◆ ACTION ITEM
The answer must be only the lines below from the one holding "The classic parallax" down to the one holding "I cannot be", ends included, printed exactly; please omit all pictures.

-- DATA PROVIDED follows --

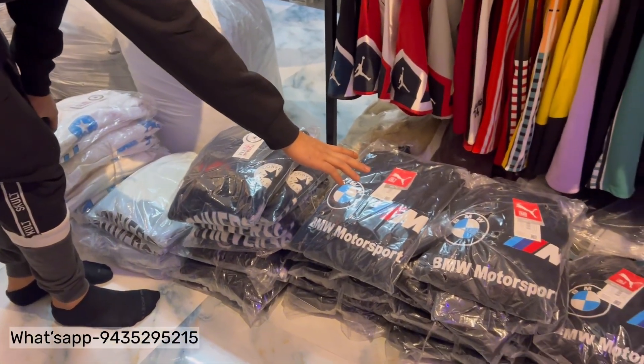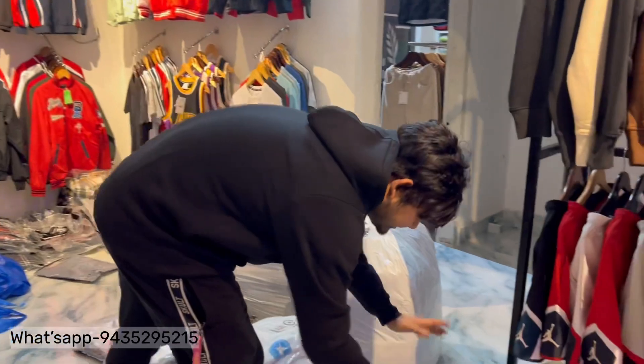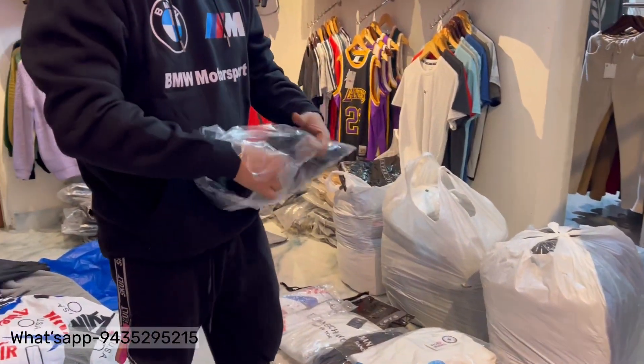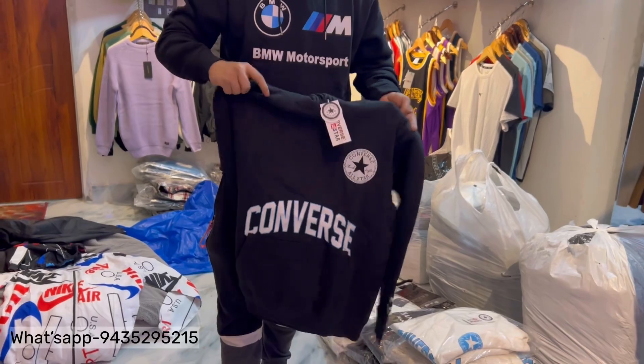This is a BMW Motorsports hoodie. This color is black and it is a double XL. I will show you the same hoodie — premium quality hoodie. I will show you the same hoodie again. This is the brand name.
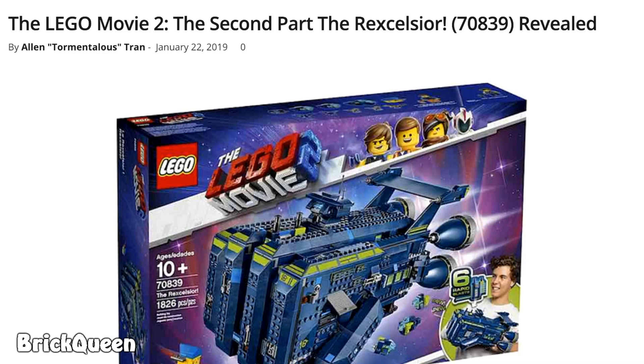Hey guys, Brick Queen here with the newest LEGO Movie 2 set reveal. It is the Rexcelsior — I think I pronounced that right. So let me just give you my completely honest opinion on this set.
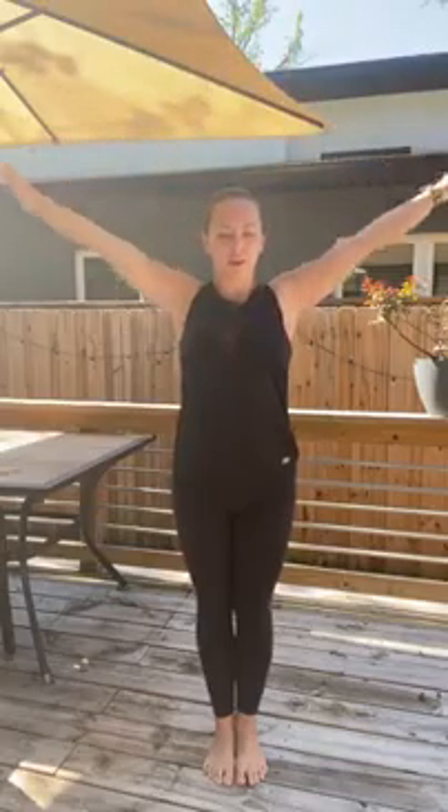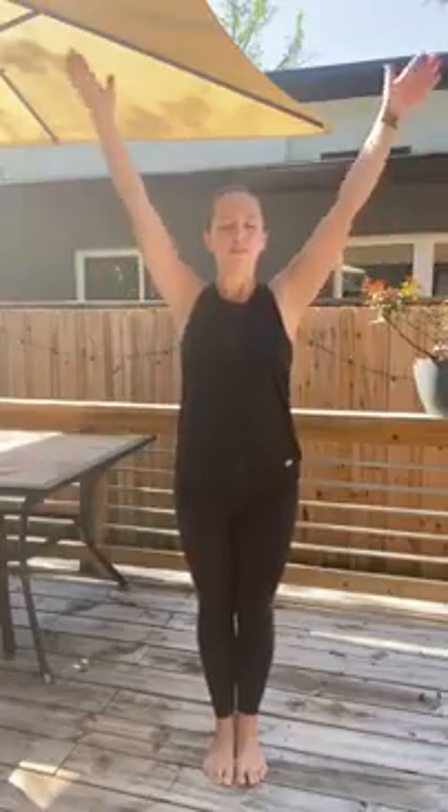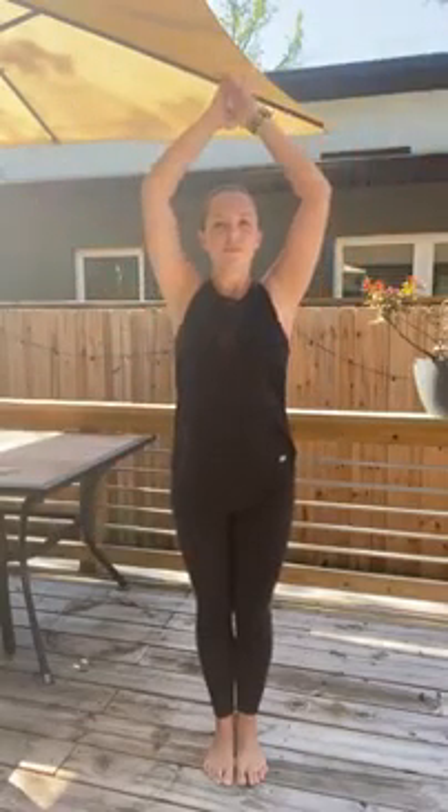Go ahead and grab some space, and we'll begin with bringing a nice inhale, arms overhead, and exhale. Deep inhale, and exhale. We'll do a few more cycles — in, out, in, out. And last time, deep inhale, and exhale.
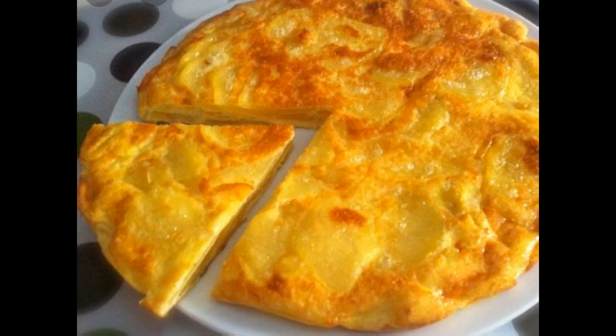Mettete nel contenitore di un robot da cucina i tuorli d'uovo, il sale, il pepe, la panna e la metà del groviera, e fate funzionare fino ad ottenere un miscuglio ben cremoso. Mettete questo preparato da parte.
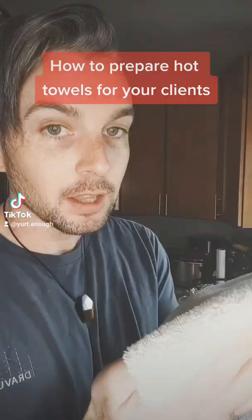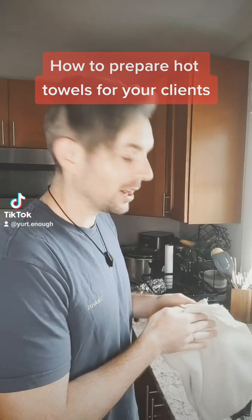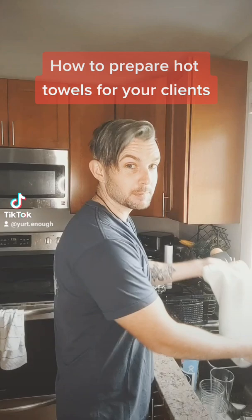How to prepare hot towels for your client. You got to tell it who is a good towel. Next, get the water going — put it out like this. Don't do too much water.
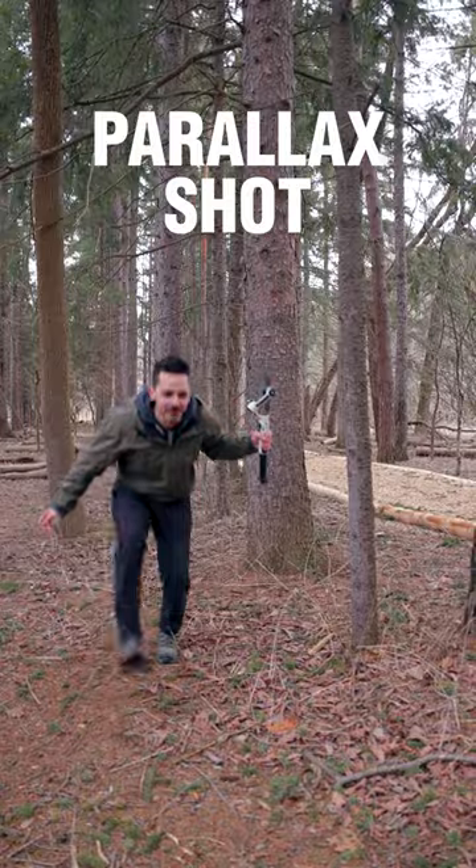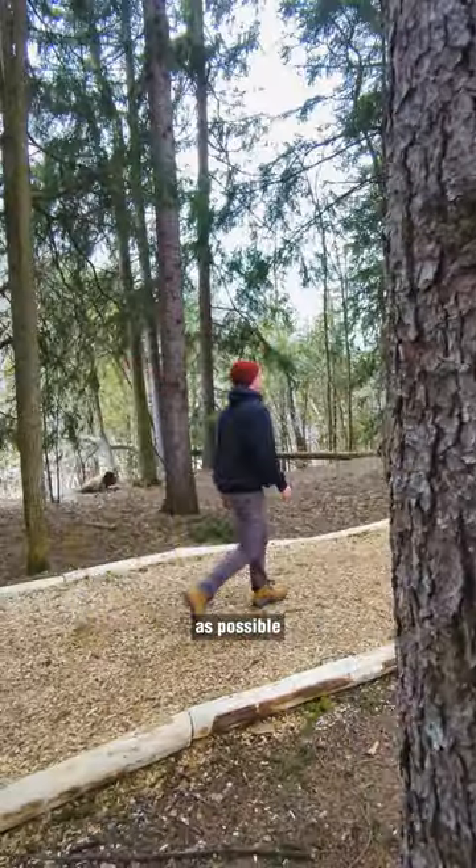The classic parallax shot. You can do this one while running, but to be as smooth as possible, plant your feet and sway side to side.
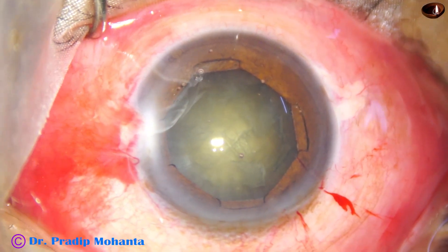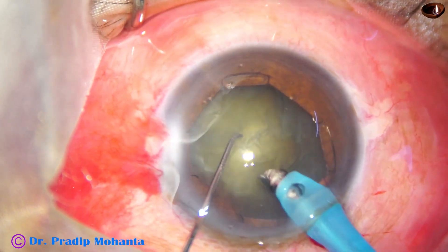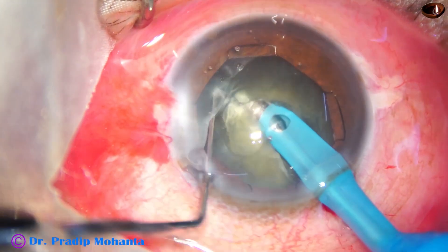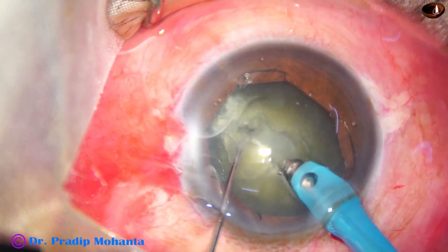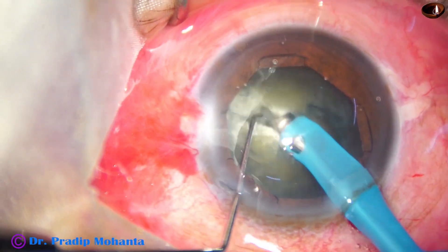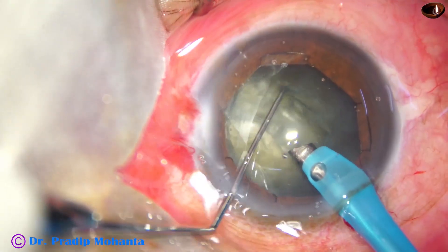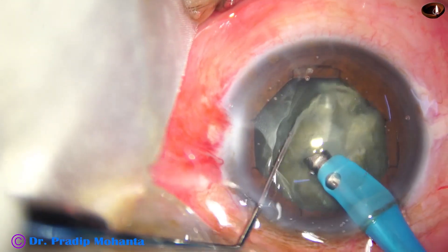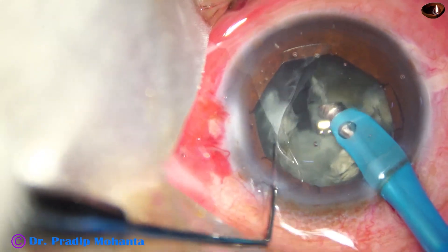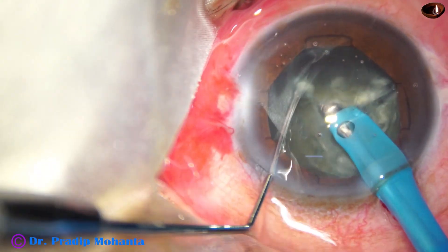I cannot be rough, but I can do manipulations with more courage and confidence. Now I am doing the direct chop. The tip is buried in the substance of the nucleus, a good purchase is achieved, and I try to divide the nucleus — but the crack was not good, so I am holding at another place and trying to get another crack. Rotation is also not quick in cases with weak zonules, as the capsulocortical adhesions are stronger. I have got a nice crack; I rotate it about 90 degrees and get another crack.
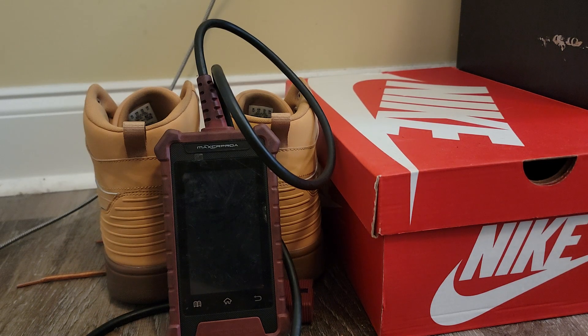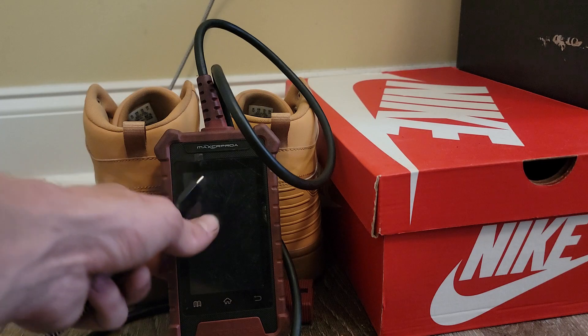What's up guys, welcome back to another video. Today I'm going to be teaching everybody how to update the Matco Max CR Pro A code reader. It's pretty self-explanatory, but I figured I'd show everybody just in case there's somebody who just doesn't know or threw away the instructions before they figured it out.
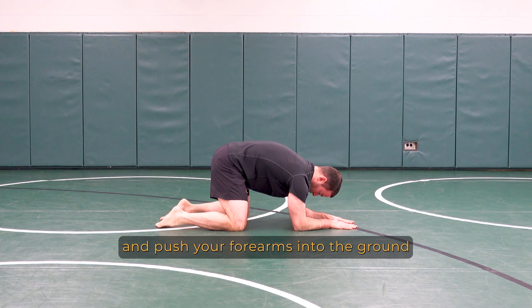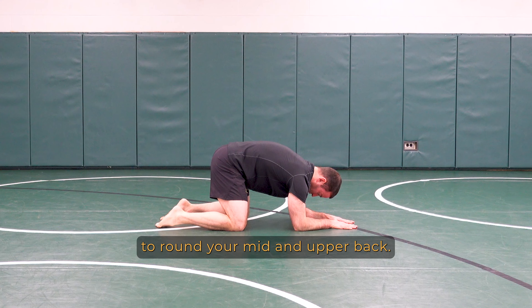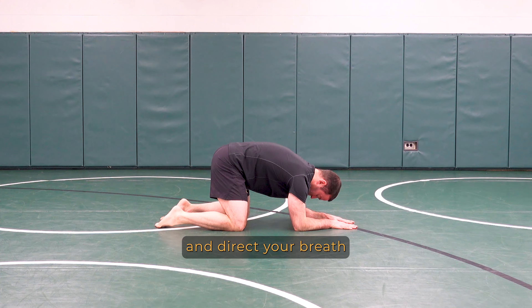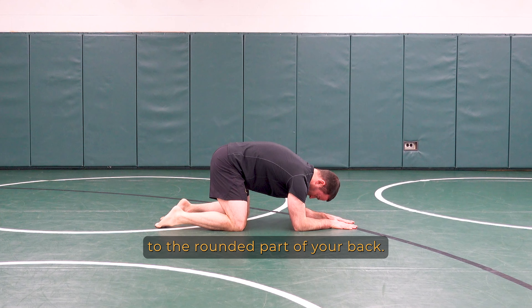Begin in an all-fours position and push your forearms into the ground to round your mid and upper back. From here, the goal is to inhale and exhale through your nose and direct your breath to the rounded part of your back.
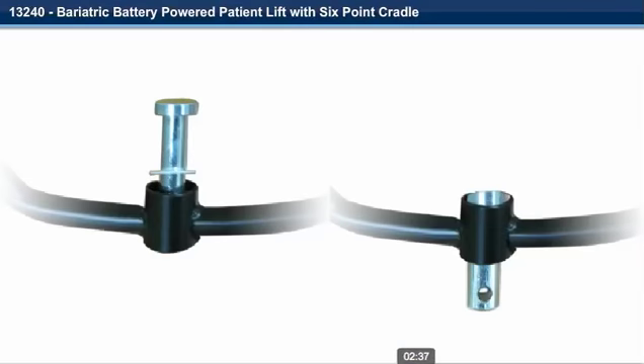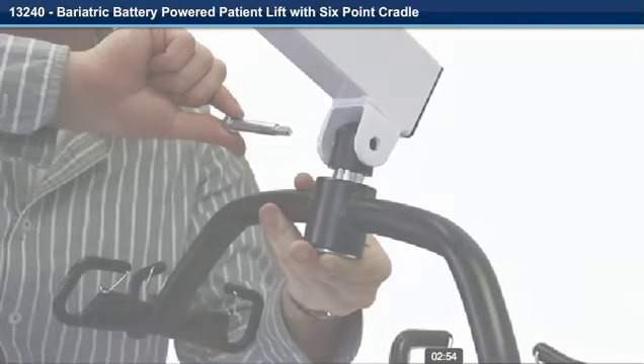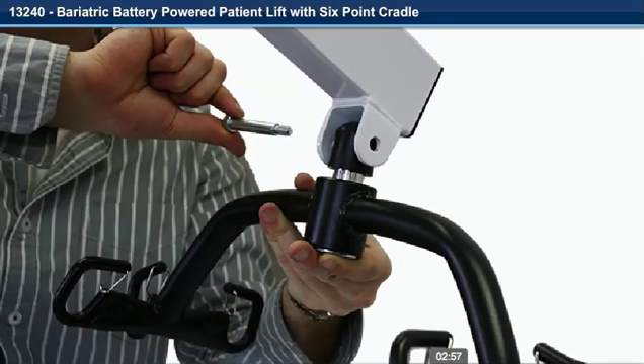Step 16. Insert the cradle swivel pin and nylon washer into the cradle. Step 17. Install the nylon cover over the cradle swivel pin and line up the holes of both. Step 18. Align the holes of the cradle pin and cap with the holes in the U-bracket at the end of the boom.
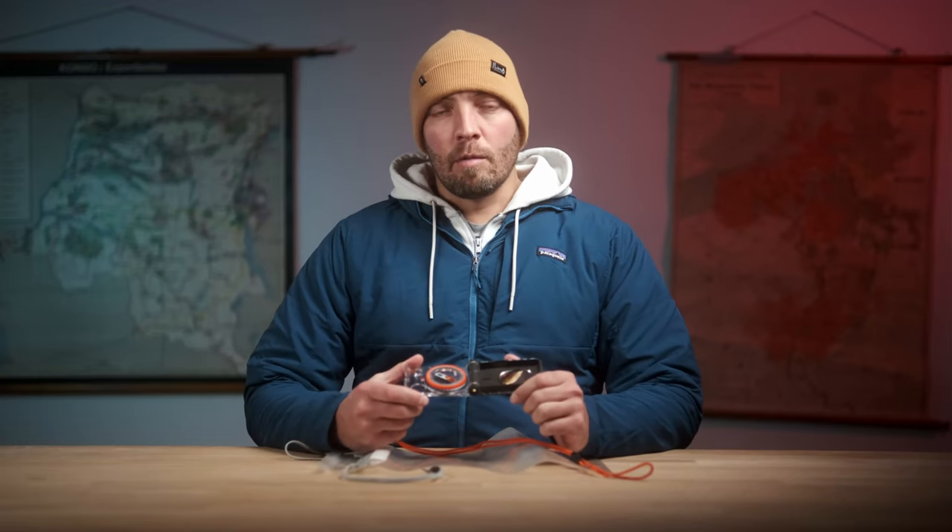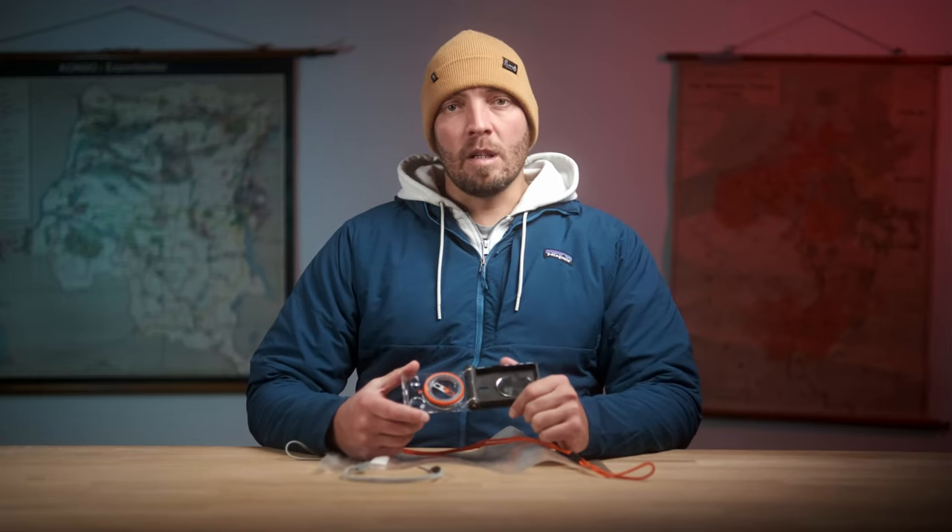When it comes down to buying navigation equipment, unfortunately, buying cheap usually means buying twice. Unfortunately, that is the case with many of these Geonaut navigation products.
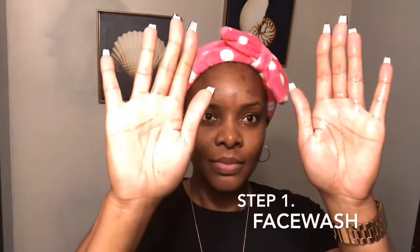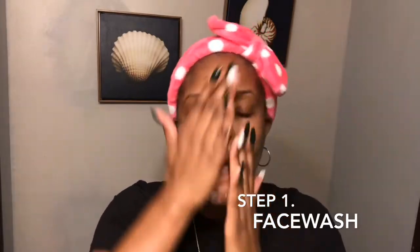First, I'm going to start by using my face wash. I normally use one to two pumps and a little bit of water to lather it all over my face. I rub it in all areas — my lips, over my eyebrows, everywhere you could possibly think about. This is self-explanatory, so you can keep watching.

-- DATA PROVIDED concluded --

◆ ANSWER SPACE
The classic parallax shot. You can do this one while running, but to be as smooth as possible, plant your feet and sway side to side.
I cannot be rough, but I can do manipulations with more courage and confidence. Now I am doing the direct chop. The tip is buried in the substance of the nucleus, a good purchase is achieved, and I try to divide the nucleus — but the crack was not good, so I am holding at another place and trying to get another crack. Rotation is also not quick in cases with weak zonules, as the capsulocortical adhesions are stronger. I have got a nice crack; I rotate it about 90 degrees and get another crack.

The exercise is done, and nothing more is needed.